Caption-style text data
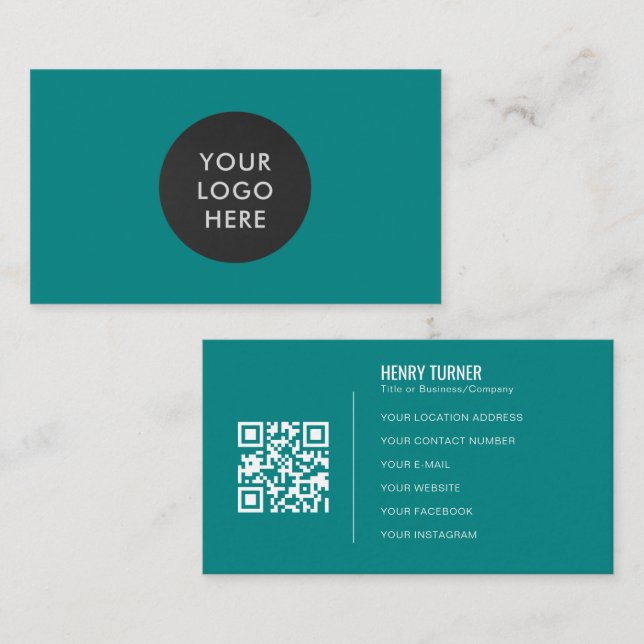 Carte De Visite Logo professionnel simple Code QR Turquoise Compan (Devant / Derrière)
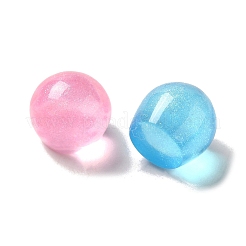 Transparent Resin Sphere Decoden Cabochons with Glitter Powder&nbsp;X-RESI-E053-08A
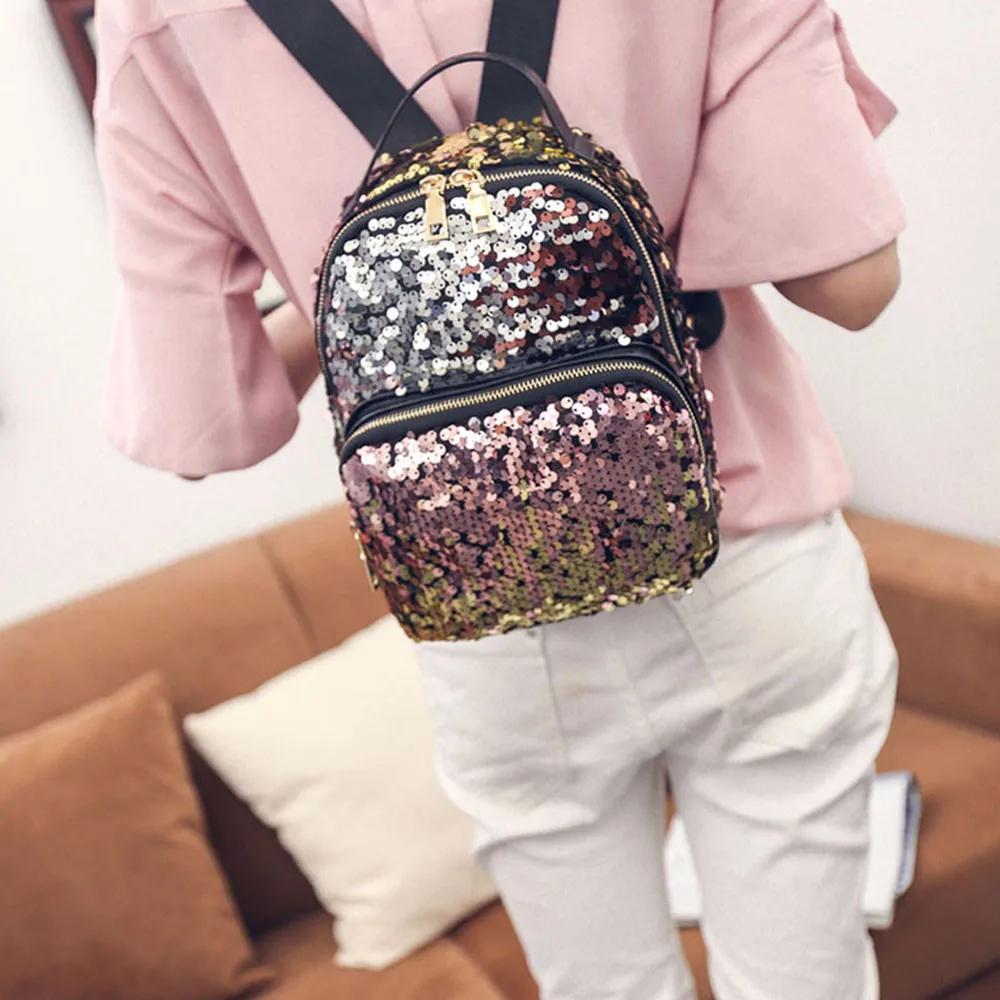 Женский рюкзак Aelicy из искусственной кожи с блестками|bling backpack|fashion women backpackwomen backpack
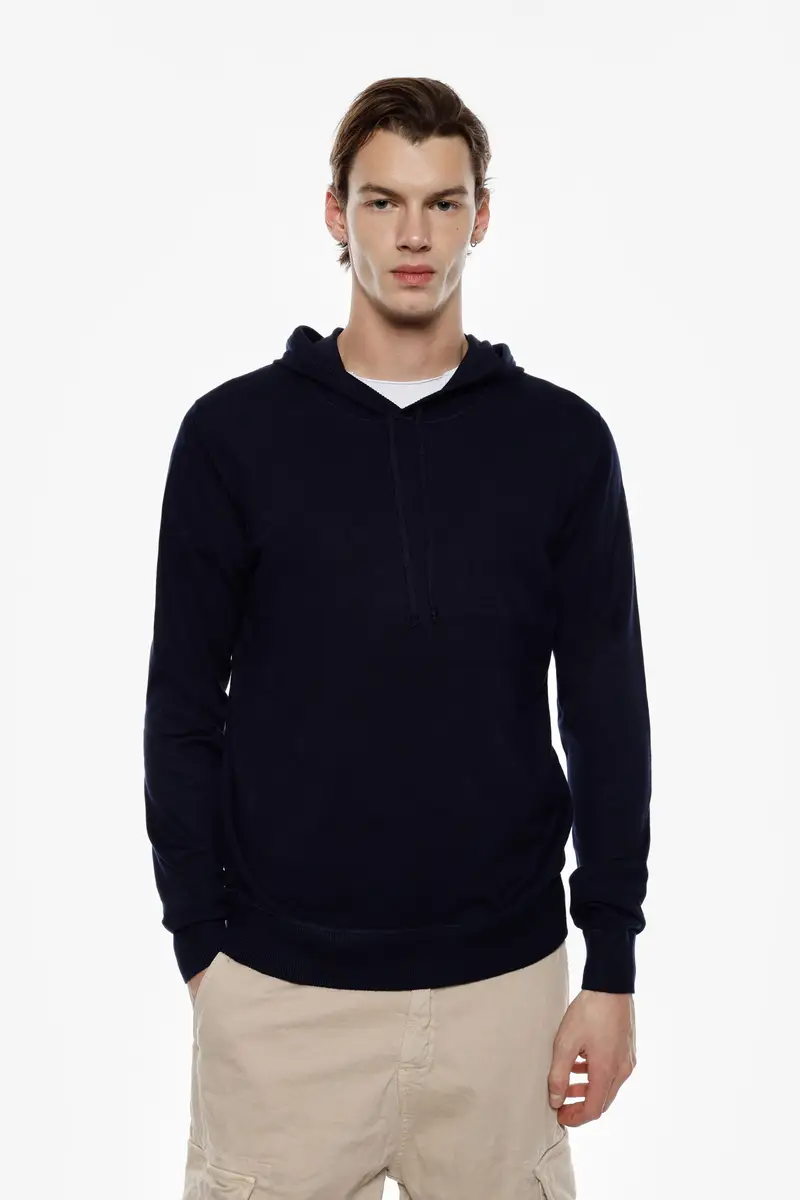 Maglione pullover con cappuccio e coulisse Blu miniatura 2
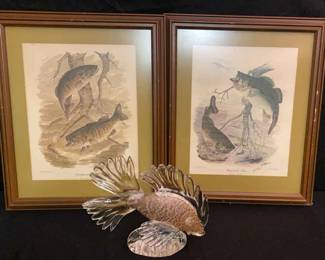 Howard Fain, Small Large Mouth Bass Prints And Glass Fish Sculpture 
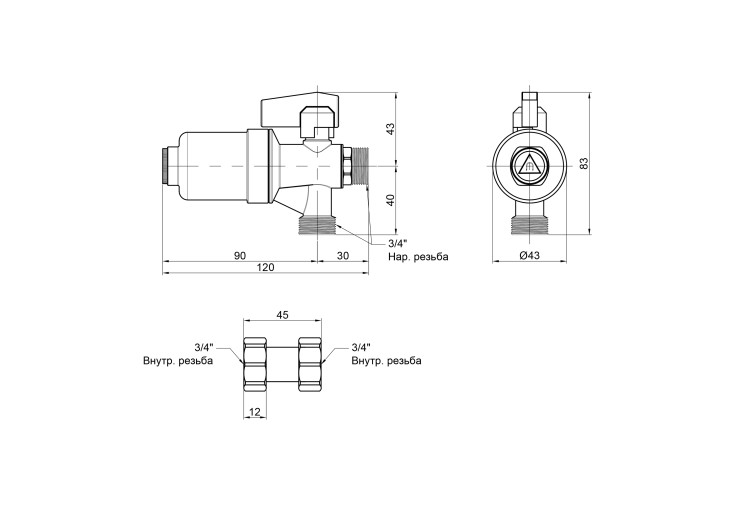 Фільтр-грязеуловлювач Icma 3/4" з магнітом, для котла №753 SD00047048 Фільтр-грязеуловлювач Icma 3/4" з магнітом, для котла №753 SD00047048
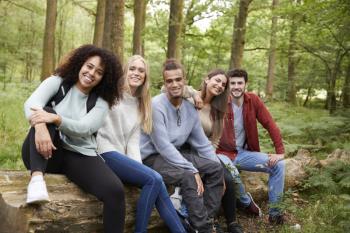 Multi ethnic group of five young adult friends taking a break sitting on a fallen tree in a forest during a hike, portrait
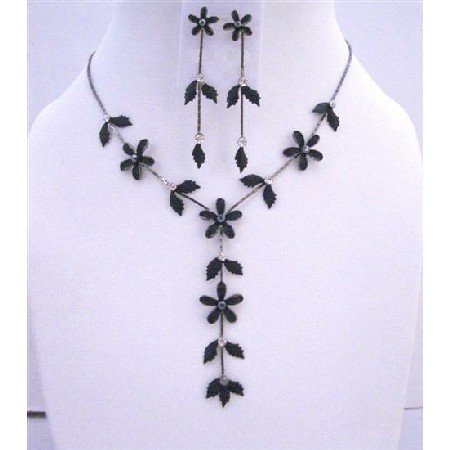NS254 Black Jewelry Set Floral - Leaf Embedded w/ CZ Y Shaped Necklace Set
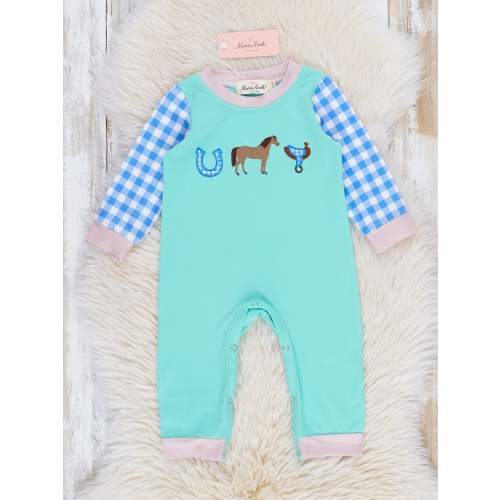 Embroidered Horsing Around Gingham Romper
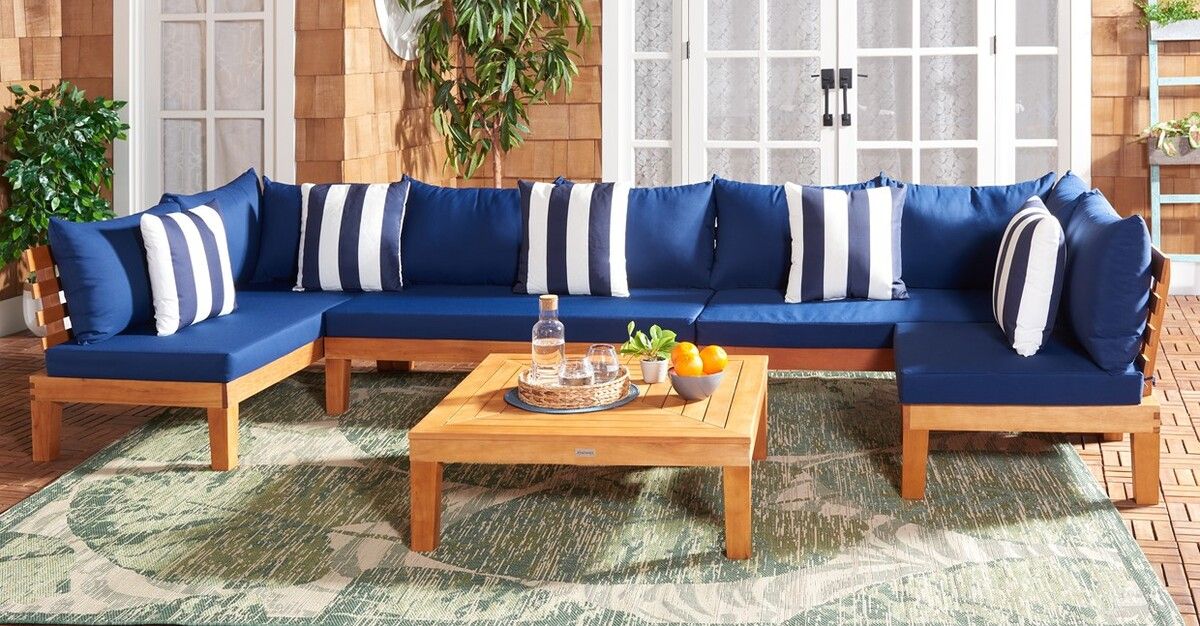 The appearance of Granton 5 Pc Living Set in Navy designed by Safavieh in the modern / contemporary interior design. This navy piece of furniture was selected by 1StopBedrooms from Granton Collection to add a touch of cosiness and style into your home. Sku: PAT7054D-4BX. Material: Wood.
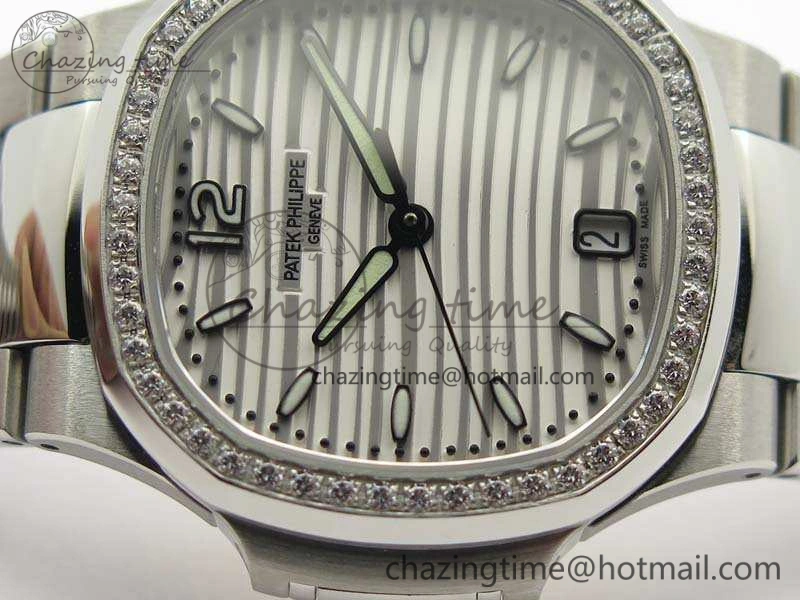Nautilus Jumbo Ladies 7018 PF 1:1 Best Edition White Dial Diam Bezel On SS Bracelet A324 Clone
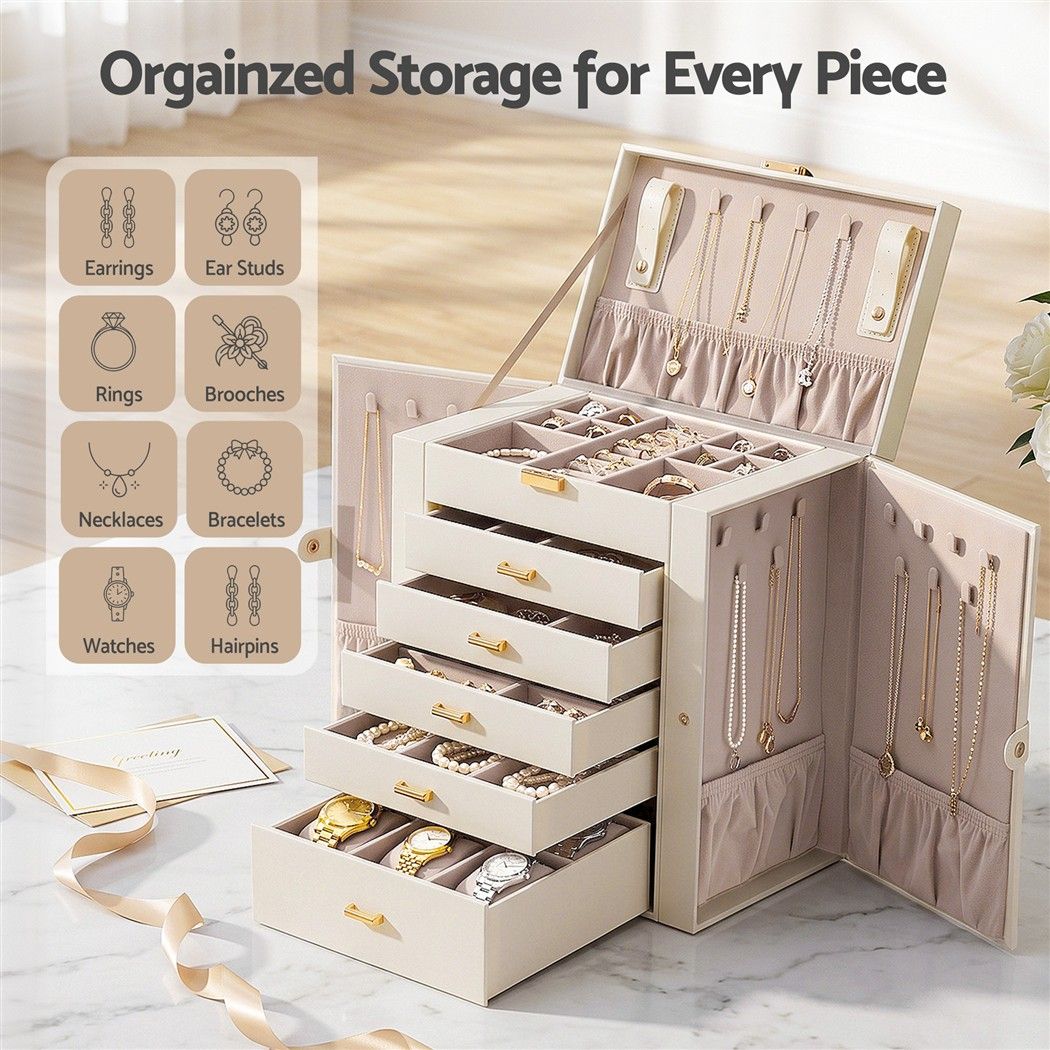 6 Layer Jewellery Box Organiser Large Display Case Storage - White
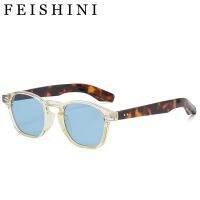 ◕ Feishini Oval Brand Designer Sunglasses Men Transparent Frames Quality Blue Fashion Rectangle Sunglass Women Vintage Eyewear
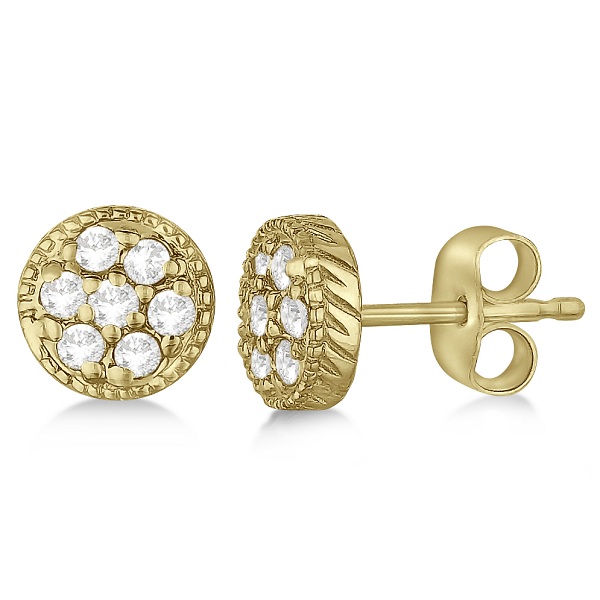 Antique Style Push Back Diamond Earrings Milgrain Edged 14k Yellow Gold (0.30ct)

EXERCISE INSTRUCTIONS ▸
Leaving out each picture, repeat exactly the lines above from the one that contains "The appearance of" through the one that contains "Nautilus Jumbo Ladies".

TASK ANSWER ▸
 The appearance of Granton 5 Pc Living Set in Navy designed by Safavieh in the modern / contemporary interior design. This navy piece of furniture was selected by 1StopBedrooms from Granton Collection to add a touch of cosiness and style into your home. Sku: PAT7054D-4BX. Material: Wood.
Nautilus Jumbo Ladies 7018 PF 1:1 Best Edition White Dial Diam Bezel On SS Bracelet A324 Clone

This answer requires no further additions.